B Lightwatch/Lightclock (Lichtuhr)

[weirdoguy]

velocity is the only vector quantity for which English-speaking physicists and textbooks (American ones at least) use a separate word for the magnitude (speed)

Same in polish. But some authors try to avoid it. It really gets messy in basic schooling in the context of mean velocity and mean spead, where we have 'magnitude of mean velocity' and 'mean magnitude of velocity'. It's hard for children to grasp the difference. I prefer to use word speed, it makes life easier.

 

[vanhees71]

Ah, I just remembered another such pair: [vector] displacement vs. [scalar] distance, whose time-derivatives give velocity and speed.

That seems not to be true since on the one hand speed is
$$|\vec{v}|=|\dot{\vec{x}}|,$$
i.e., indeed the magnitude of the velocity, but
[edit: corrected typo in view of #56]
$$\dot{r} = \mathrm{d}_t |\vec{r}|=\mathrm{d}_t \sqrt{\vec{r}^2}=\vec{r} \cdot \dot{\vec{r}}/r,$$
which in general is not $|\vec{v}|$.

 

[Martin68]

dt√˙→r2=→r⋅˙→r/r

Not necessarily I have to understand it ... ... but, why is the derivation of r squared and drawn root the same as the amount of r?

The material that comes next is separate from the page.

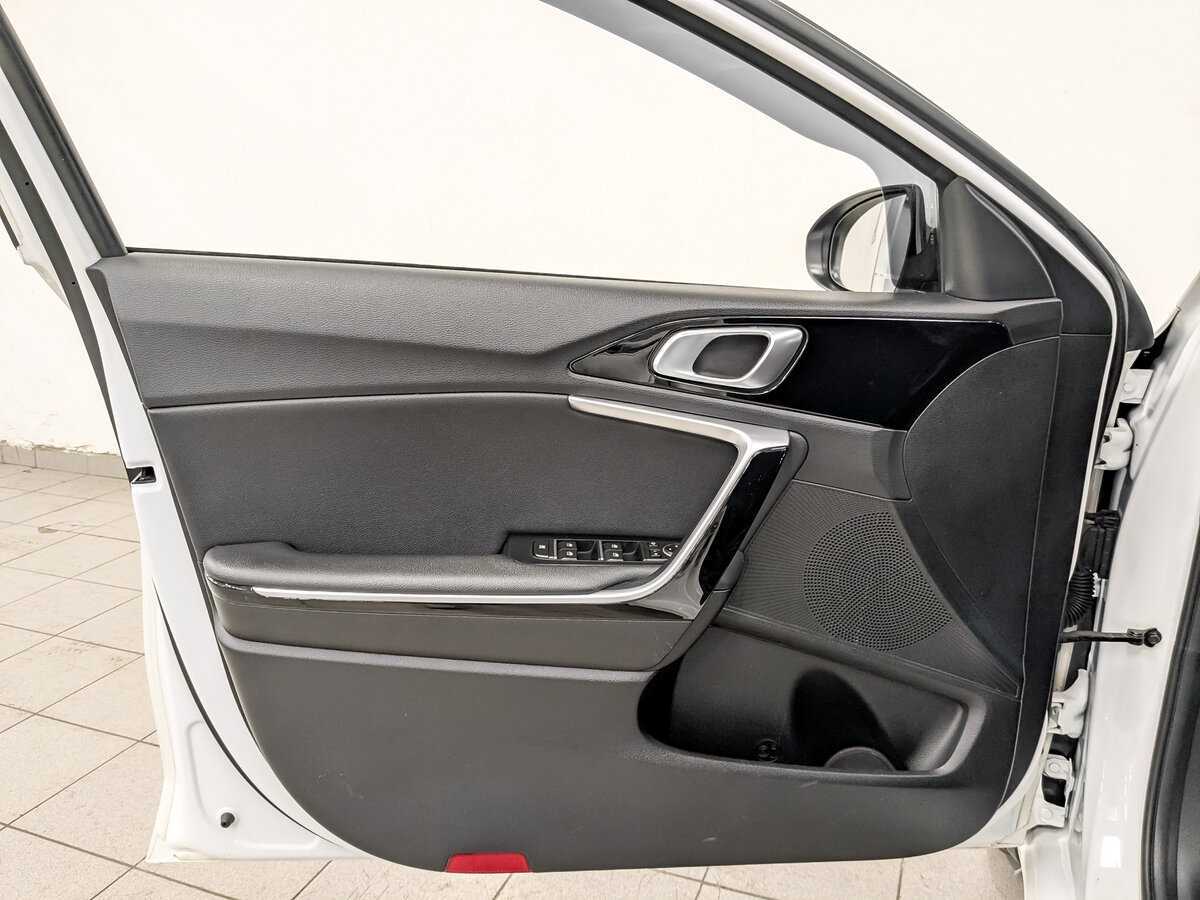 Kia Ceed, 2020 - Фото №17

And the next step I do not understand at all
(But, no problem)

 

[DrGreg]

Not necessarily I have to understand it ... ... but, why is the derivation of r squared and drawn root the same as the amount of r? And the next step I do not understand at all
(But, no problem)

$$
r = |\mathbf{r}| = \left( \mathbf{r} \cdot \mathbf{r} \right) ^{\frac{1}{2}}
$$
Therefore
$$
\begin{align*}
\dot{r} = \frac{\mathrm{d}r}{\mathrm{d}t}
&= \tfrac{1}{2} \left( \mathbf{r} \cdot \mathbf{r} \right) ^{-\frac{1}{2}} \frac{\mathrm{d}}{\mathrm{d}t} \left( \mathbf{r} \cdot \mathbf{r} \right) \qquad \: \textrm{(chain rule)}\\
&= \frac{1}{2r} \left( \frac{\mathrm{d}\mathbf{r}} {\mathrm{d}t} \cdot \mathbf{r} + \mathbf{r} \cdot \frac{\mathrm{d}\mathbf{r}}{\mathrm{d}t} \right) \quad \textrm{(product rule)}\\
&= \frac{\mathbf{\dot{r}} \cdot \mathbf{r}} {r}
\end{align*}
$$

 

[PeroK]

$$
r = |\mathbf{r}| = \left( \mathbf{r} \cdot \mathbf{r} \right) ^{\frac{1}{2}}
$$
Therefore
$$
\begin{align*}
\dot{r} = \frac{\mathrm{d}r}{\mathrm{d}t}
&= \tfrac{1}{2} \left( \mathbf{r} \cdot \mathbf{r} \right) ^{-\frac{1}{2}} \frac{\mathrm{d}}{\mathrm{d}t} \left( \mathbf{r} \cdot \mathbf{r} \right) \qquad \: \textrm{(chain rule)}\\
&= \frac{1}{2r} \left( \frac{\mathrm{d}\mathbf{r}} {\mathrm{d}t} \cdot \mathbf{r} + \mathbf{r} \cdot \frac{\mathrm{d}\mathbf{r}}{\mathrm{d}t} \right) \quad \textrm{(product rule)}\\
&= \frac{\mathbf{\dot{r}} \cdot \mathbf{r}} {r}
\end{align*}
$$

Hence, rather logically:
$$ \dot r = \mathbf{v} \cdot \mathbf{\hat r} $$

 

[Ibix]

If you are trying to reconcile this, @Martin68, note that there's a typo in @vanhees71's version - there should not be a dot over the $\vec r$ inside the square root.